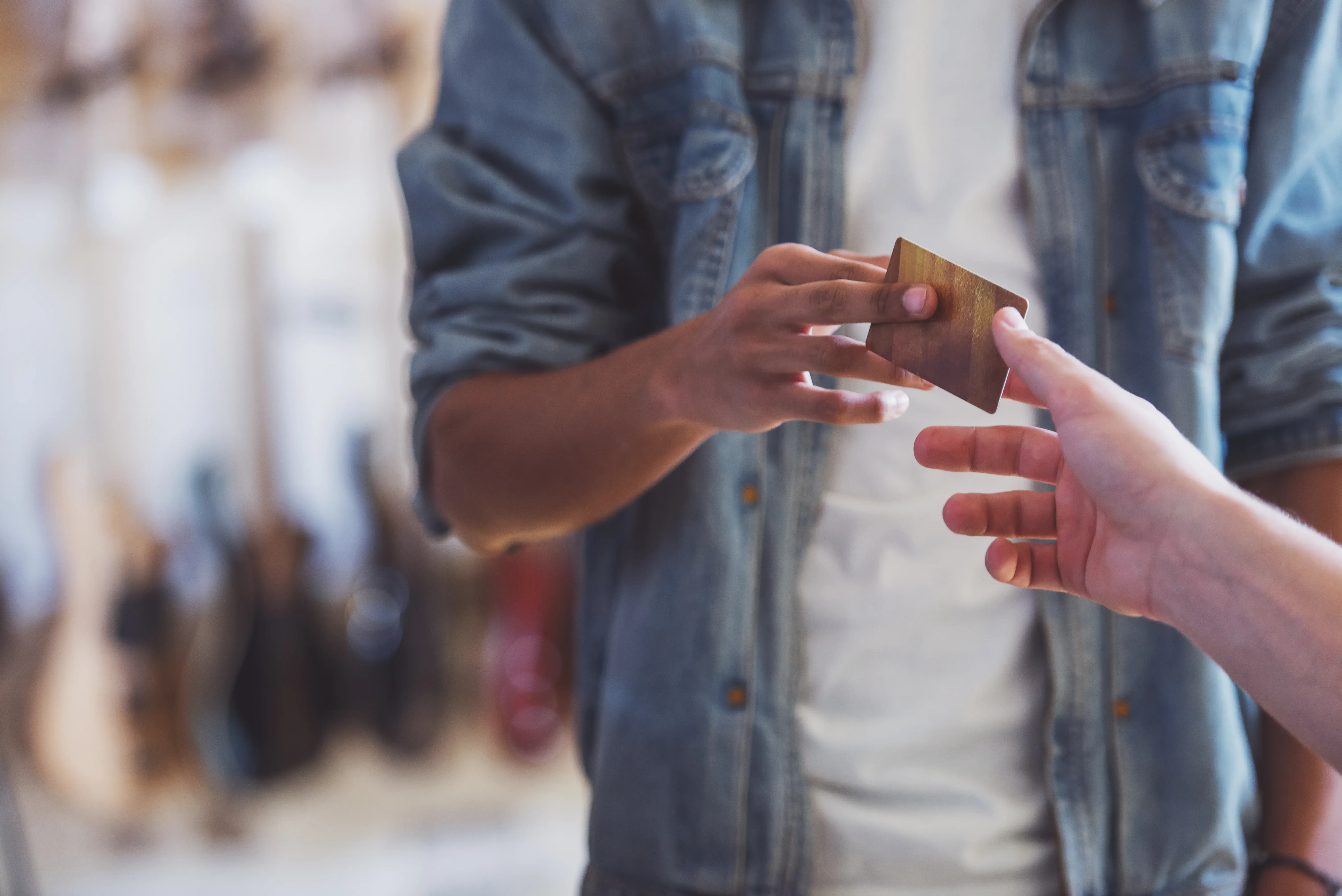 Man handing over an identification card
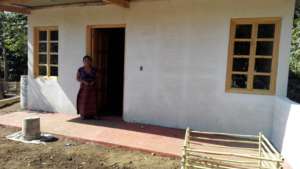 Bajareque home with floor extending into to porch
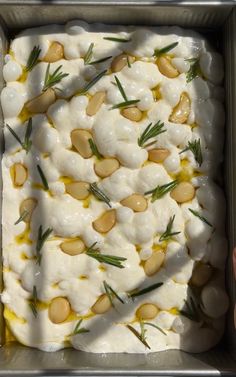 a pan filled with food covered in white sauce and topped with pine nuts on top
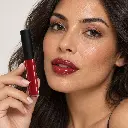 hy-lp-gls-0027-burgundy-letter-lip-gloss-deep-red-1078-wear.webp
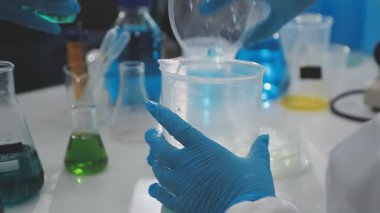 Mavi eldivenli laboratuvar asistanı test tüplerini sıvı halde tutuyor.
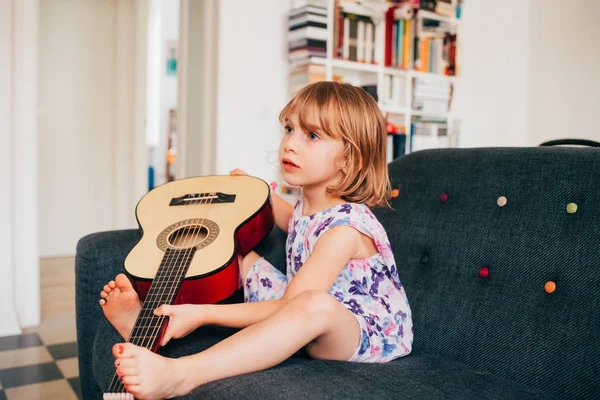 女性子供屋内で家庭用ギターを保持 — ストック写真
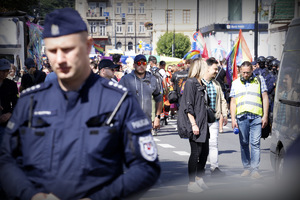 W pierwszym planie zdjęcia umundurowany policjant ubrany w granatowy mundur. W drugim planie uczestnicy marszu równości w Lublinie.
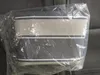 A product is shown inside a clear plastic bag, lying on a dark surface. Produktbild-Vorschau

=== Work item ===
Please retype the entries above word for word, but only from the line containing "女性子供屋内で家庭用ギターを保持 — ストック写真" through the last line, and without the pictures.

=== Expected answer ===
 女性子供屋内で家庭用ギターを保持 — ストック写真
 W pierwszym planie zdjęcia umundurowany policjant ubrany w granatowy mundur. W drugim planie uczestnicy marszu równości w Lublinie.
 A product is shown inside a clear plastic bag, lying on a dark surface. Produktbild-Vorschau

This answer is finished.